Fanny Garin, Des disparitions avec vent et lampe, Isabelle Sauvage(29), « présent (im)parfait », printemps 2019, 96 pages, 15 €, ISBN : 978-2-490385-01-0.
À bris de vers cassants comme cristal de roc où la roche friable ajoure de page en page sa portée de blanc, des disparitions émaillant le propos, hoquettent les virgules intempestives (« ivre-moi, que je te sente /// ne voulais pas le, dire », « poitrail blanc entre les eaux lèvres les vents / tombent les // jambes elles ////battre le liquide trouble sans ton corps je ne, coule »).
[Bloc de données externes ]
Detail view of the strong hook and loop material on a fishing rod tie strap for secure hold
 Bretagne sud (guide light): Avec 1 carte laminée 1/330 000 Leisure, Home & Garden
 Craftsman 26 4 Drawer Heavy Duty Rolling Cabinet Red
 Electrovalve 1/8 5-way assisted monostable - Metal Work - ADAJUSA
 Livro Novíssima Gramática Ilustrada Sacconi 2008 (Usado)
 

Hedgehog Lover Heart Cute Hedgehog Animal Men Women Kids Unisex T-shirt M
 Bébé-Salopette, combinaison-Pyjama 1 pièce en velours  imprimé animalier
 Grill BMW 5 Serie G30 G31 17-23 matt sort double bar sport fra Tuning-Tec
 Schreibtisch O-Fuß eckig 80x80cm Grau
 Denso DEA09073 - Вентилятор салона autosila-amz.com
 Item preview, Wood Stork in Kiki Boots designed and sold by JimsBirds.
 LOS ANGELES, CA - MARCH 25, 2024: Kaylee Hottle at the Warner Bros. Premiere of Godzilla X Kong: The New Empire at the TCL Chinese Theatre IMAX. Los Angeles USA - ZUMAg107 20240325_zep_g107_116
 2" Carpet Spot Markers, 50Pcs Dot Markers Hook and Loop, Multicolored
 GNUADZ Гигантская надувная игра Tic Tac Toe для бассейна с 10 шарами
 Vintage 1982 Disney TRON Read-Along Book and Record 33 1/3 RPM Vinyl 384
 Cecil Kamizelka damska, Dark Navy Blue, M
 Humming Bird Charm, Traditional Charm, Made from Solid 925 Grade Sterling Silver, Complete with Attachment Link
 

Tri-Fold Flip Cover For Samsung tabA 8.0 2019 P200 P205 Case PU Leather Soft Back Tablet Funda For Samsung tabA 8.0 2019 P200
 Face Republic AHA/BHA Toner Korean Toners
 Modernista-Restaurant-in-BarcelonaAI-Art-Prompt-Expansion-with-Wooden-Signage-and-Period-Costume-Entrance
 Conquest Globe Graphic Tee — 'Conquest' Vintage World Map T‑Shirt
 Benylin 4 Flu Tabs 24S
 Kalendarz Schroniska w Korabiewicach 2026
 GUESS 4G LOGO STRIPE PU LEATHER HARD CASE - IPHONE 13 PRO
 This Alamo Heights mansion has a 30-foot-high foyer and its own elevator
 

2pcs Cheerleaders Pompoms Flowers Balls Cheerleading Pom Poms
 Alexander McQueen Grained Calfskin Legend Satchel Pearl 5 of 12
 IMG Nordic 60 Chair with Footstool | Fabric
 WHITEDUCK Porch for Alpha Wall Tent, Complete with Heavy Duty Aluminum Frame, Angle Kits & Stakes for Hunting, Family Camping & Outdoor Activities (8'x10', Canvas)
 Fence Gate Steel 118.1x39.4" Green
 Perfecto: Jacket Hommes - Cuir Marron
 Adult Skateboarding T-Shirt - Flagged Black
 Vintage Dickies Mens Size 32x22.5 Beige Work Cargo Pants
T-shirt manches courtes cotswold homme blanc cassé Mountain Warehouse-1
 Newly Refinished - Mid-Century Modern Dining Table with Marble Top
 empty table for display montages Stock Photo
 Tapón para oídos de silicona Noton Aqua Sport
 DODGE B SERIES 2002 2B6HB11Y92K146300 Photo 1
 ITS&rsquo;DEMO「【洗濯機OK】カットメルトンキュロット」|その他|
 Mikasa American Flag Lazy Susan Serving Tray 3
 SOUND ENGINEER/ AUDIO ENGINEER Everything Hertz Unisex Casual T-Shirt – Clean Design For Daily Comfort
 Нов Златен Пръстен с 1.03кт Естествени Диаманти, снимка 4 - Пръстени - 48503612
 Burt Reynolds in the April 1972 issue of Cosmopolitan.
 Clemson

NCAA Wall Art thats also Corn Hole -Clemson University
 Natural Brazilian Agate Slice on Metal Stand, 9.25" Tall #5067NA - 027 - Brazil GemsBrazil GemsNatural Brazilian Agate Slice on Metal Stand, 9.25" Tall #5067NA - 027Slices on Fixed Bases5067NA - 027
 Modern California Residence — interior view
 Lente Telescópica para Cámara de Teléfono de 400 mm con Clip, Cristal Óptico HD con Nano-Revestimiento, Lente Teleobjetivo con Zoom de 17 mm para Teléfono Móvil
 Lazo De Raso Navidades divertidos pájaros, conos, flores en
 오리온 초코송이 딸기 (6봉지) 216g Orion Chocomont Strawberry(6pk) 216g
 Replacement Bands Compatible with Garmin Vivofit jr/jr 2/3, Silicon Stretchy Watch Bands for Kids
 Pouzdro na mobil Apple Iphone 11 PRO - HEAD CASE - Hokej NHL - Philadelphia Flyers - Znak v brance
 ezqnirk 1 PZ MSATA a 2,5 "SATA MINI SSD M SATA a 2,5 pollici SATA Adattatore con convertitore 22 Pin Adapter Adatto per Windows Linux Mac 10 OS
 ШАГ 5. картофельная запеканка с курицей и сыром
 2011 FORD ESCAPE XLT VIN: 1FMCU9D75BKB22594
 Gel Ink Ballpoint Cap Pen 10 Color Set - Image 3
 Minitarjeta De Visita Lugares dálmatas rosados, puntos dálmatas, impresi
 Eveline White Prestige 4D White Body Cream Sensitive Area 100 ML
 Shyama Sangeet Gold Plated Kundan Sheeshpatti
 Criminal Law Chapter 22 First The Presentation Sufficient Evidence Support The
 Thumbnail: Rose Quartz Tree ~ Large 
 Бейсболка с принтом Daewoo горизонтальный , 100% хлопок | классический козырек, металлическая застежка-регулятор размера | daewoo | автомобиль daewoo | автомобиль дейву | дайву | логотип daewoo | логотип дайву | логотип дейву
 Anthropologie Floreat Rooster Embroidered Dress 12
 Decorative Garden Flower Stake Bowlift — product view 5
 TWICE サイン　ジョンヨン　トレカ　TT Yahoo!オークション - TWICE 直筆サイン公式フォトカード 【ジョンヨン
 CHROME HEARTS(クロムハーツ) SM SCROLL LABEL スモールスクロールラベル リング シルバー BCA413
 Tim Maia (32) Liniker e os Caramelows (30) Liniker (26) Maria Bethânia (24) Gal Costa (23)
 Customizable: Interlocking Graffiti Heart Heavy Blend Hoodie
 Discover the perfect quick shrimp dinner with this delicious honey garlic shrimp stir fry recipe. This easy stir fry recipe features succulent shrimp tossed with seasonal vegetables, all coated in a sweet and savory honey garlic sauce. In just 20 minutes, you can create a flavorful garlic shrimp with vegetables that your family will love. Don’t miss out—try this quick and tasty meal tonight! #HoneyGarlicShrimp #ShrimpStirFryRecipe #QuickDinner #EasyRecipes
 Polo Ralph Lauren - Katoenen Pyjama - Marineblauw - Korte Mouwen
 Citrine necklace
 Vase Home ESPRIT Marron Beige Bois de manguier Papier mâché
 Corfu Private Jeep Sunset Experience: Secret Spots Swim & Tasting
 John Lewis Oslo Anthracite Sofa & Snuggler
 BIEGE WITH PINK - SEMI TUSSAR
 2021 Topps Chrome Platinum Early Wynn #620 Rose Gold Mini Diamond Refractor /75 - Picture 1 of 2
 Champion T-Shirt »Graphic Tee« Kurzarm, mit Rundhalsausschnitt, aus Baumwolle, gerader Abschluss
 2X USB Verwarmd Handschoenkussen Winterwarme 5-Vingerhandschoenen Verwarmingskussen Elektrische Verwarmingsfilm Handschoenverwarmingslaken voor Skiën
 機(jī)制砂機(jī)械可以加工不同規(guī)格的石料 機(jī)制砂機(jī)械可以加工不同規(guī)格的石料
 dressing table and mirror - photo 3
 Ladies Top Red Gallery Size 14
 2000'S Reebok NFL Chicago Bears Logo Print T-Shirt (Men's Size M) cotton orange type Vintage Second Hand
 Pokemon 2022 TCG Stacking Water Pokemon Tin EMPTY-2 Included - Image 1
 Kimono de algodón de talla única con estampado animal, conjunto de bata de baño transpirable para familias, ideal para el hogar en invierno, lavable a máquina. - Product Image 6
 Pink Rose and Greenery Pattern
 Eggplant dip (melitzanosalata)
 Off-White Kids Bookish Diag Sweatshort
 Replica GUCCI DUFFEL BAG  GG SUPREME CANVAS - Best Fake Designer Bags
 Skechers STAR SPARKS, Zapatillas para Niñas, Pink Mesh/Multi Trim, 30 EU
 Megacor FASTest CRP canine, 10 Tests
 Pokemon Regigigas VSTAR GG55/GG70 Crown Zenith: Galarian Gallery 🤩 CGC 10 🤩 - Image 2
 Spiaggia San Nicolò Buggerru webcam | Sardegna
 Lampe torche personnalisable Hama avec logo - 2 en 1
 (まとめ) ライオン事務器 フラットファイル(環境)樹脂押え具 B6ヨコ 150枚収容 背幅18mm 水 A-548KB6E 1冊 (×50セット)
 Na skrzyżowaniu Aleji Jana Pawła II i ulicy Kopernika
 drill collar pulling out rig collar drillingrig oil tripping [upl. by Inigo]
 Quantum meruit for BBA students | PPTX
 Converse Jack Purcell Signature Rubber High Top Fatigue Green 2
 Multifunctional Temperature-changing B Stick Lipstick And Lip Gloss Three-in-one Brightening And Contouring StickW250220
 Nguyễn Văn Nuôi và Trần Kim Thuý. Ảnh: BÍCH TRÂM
Péroraison longtemps tenue en haleine, un poème du mot à mot teste les mots à blanc, « crime » y compris, jusqu’à ce qu’au bal du réel celui que l’on sentait monter, l’arpégé mot « amour », le mot âme ourle le suspens.
D’insolente syntaxe compressive perfusionnelle (« sauf une lampe qui est vraie dit-oncela // et sa couleur jaune qui s’étale et que quelqu’un éteint »), personnages principaux le vent (« avec le vent il pleut toujours cela efface ») et la lampe de peu de lampée, plutôt de simple récurrence – dans ce premier (de petit format) triptyque plutôt que recueil, Fanny Garin, par ailleurs comédienne et dramaturge, « trace » la maîtrise d’une écriture concentrant des effets de théâtre qui la gauchissent et l’arriment aux planches d’un lever de rideau. À cahots de chaos, des échanges de répliques se profilent dans l’innommé, le surligné. Pièce en trois actes dont le blanc serait le personnage principal et les mots secondaires, seconds d’aire et de « corps ». Pièce qui dépèce, rapièce et réinvente où il vente sans répit la poésie. Malgré tous les appels à témoin (« entendez-vous », « qui préfères-tu oui toi », « non // si », « mais que voulez-vous / voir oui vous », « voyez-vous » ahanant en syncope, elle claudique de pause en ligne mélodique à passer le témoin.
Réponses, « non » de préférence, à un questionnaire qui, suivant l’exemple de Gertrude Stein, se passe de points d’interrogation. De « pulsion » en « toc », la langue de la psychologie folle du logis. Sur l’orbe de l’ivresse un « bateau coule » jouant à « bateau coule et puis non /// les gerbes d’eau lorsque l’on place sa bouche / sur les trous ». Rarement l’espace paginal exploité avec tant de liberté, un poème s’ajoure à la verticale exponentielle (« lèvres // les, / lè / vres tant à coup qui // ralentissent ralentissent // ne, di //s ////paraître que disiez-vous ») de l’été, de l’étang, de l’étendue plate comme « vent dehors ». Enchantant en déchant le blanc, « s’en va le vent // loger le fou sort au ventre d’autres » et se recharger à mitraille.